• Exercise prompt
The answer must consist only of the lines in the records below from the line with "Garlic and Parsley" to the line with "Timberland Boots, Grau, Leder, Gr.", both included, copied word for word with every picture left out.

• Data in this exercise
= Beginning of Section =
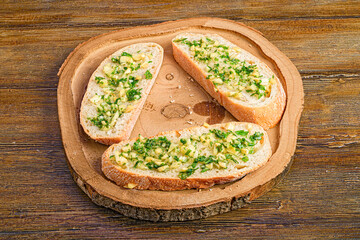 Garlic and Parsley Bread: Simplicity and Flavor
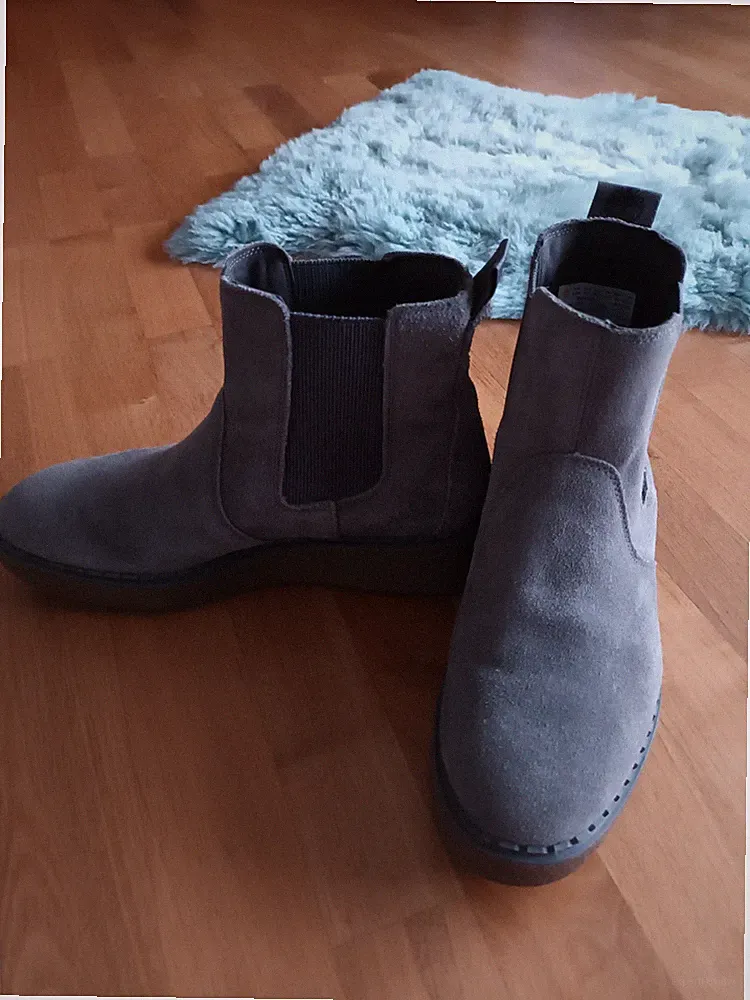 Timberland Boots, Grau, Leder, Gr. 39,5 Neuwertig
= End of Section =
= Beginning of Section =
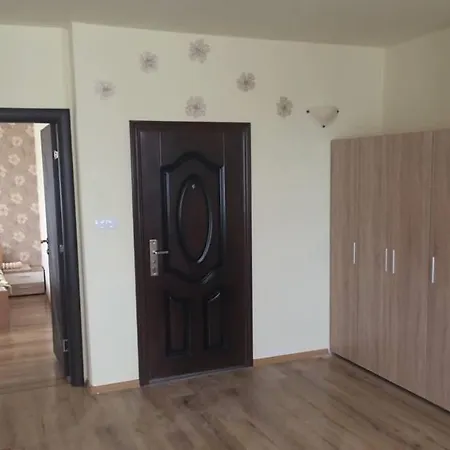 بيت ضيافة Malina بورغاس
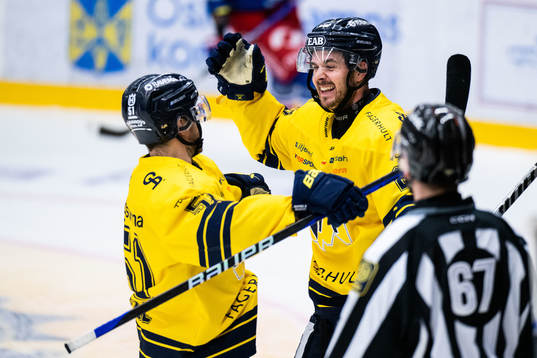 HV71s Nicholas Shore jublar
= End of Section =
= Beginning of Section =
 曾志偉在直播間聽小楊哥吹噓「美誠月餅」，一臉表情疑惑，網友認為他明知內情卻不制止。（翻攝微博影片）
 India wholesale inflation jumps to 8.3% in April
= End of Section =
• Answer space
 Garlic and Parsley Bread: Simplicity and Flavor
 Timberland Boots, Grau, Leder, Gr. 39,5 Neuwertig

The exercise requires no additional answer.